You probably know Jupiter, the rotund fifth planet from the Sun, as orange and tan with a big red splotch. But the Hubble Space Telescope recently imaged the gas giant in ultraviolet light, giving the world a very different look.
At UV wavelengths, Jupiter’s clouds appear in bright pinks, blues, and purple hues. The image is false colour, meaning that ultraviolet wavelengths—which the human eye cannot see—were assigned to visual light wavelengths for your viewing pleasure. False color image is a bit of a misnomer, because the images aren’t “fake.” Image processors are just doing the best they can to show you the planet how it could look, in the same way that all the images by the Webb Space Telescope are taken at infrared wavelengths our eyes cannot see.
The planet’s Great Red Spot—a massive storm system in Jupiter’s midriff—appears a deep azure instead of its usual dark red.

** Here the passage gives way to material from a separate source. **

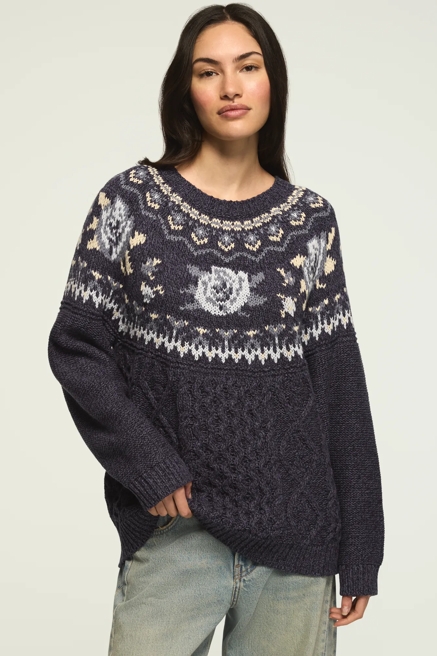 FLORAL FAIR ISLE CREW SWEATER, image 2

The spot looks darker because, as explained in a NASA release, haze in the loftier parts of Jupiter’s atmosphere absorb light at ultraviolet wavelengths.
It’s not the first time Jupiter’s gotten a makeover through the eyes of one of NASA’s space observatories. In July 2022, the Webb telescope released its first portraits of the gas giant at infrared wavelengths, in which it appeared bright orange. Those images were taken with Webb’s Near-Infrared Camera, or NIRCam. The following month, Webb images of Jupiter and its luminous auroral regions showed the planet in a bluish-gray light.
The recent image was created from data taken by Hubble to study Jupiter’s superstorms, some particularly intense phenomena on what is already a very turbulent planet. Last month, researchers found a high-speed jet blasting through the Jupiter’s lower stratosphere.
But the ultraviolet image makes Jupiter look serene, like a sunset over calm waters. It puts a particularly surly planet in a new light.